From the line containing "Rivage Linen Textured" through the last line of the entries below, transcribe each line exactly, excluding any picture.

*** Opening DATA FOR THIS EXERCISE ***

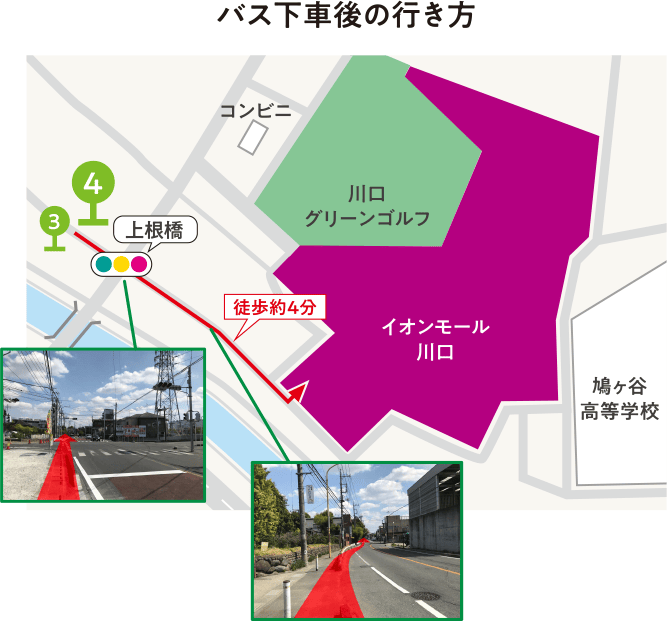 JR京浜東北線「蕨駅」からイオンモール川口への行き方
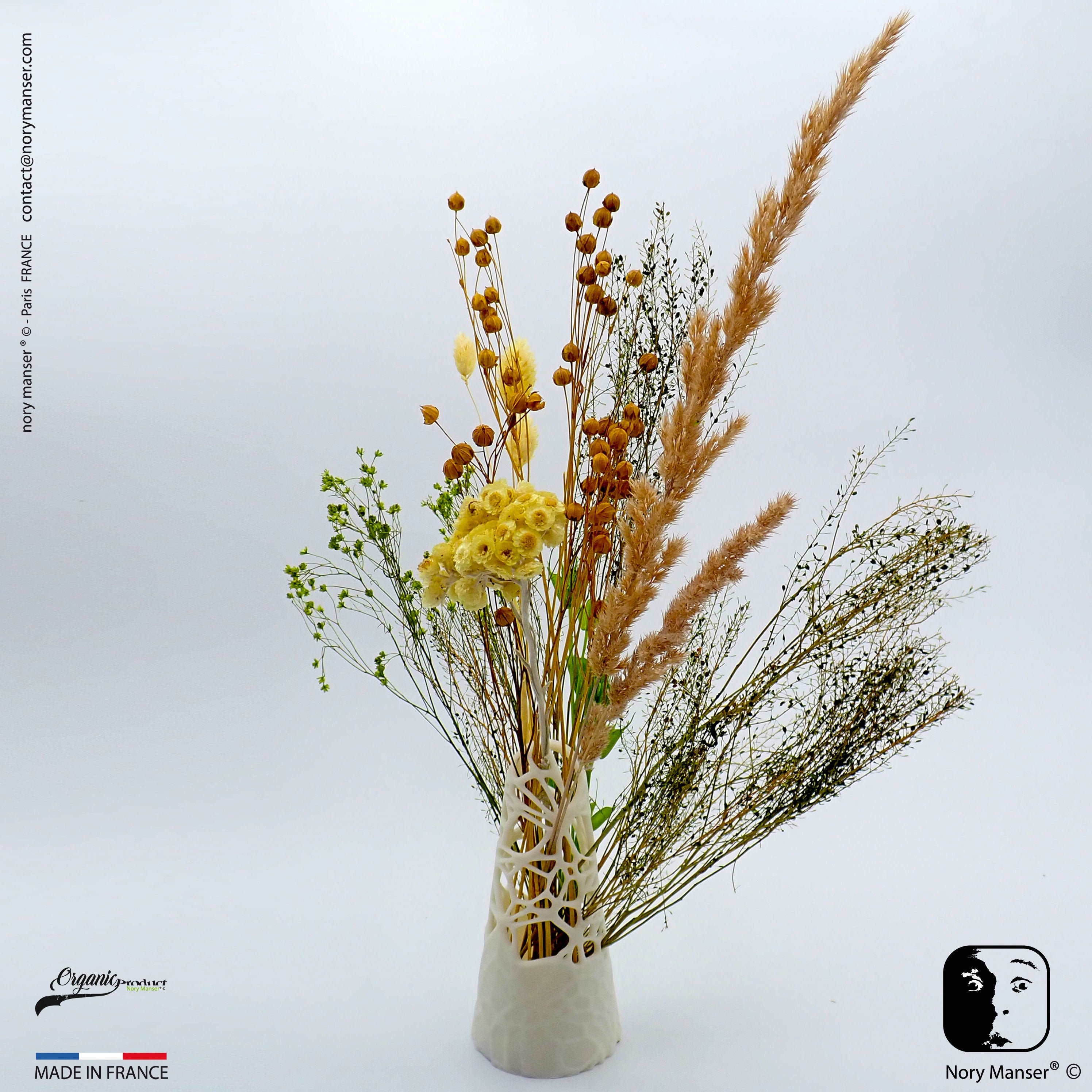 Vase Ikebana Nervures 1.0 Formé d'une Dentelle de Feuillage. Décoration Maison Bureau Salon Chambre 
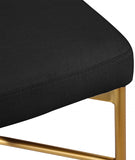 Rivage Linen Textured Fabric Upholstered Bar / Counter Stools — 927-C - Black - 927Black-C alternate view 6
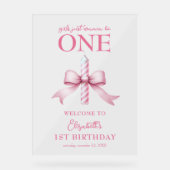 Roze strikje meisjes willen gewoon een 1e verjaard acryl bord (Voorkant)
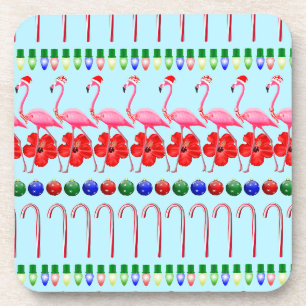 Ugi Christmas Tropical Pink Flamingos auf Light Bl Getränkeuntersetzer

*** Closing DATA FOR THIS EXERCISE ***

◆ EXERCISE ANSWER ◆
 Rivage Linen Textured Fabric Upholstered Bar / Counter Stools — 927-C - Black - 927Black-C alternate view 6
 Roze strikje meisjes willen gewoon een 1e verjaard acryl bord (Voorkant)
 Ugi Christmas Tropical Pink Flamingos auf Light Bl Getränkeuntersetzer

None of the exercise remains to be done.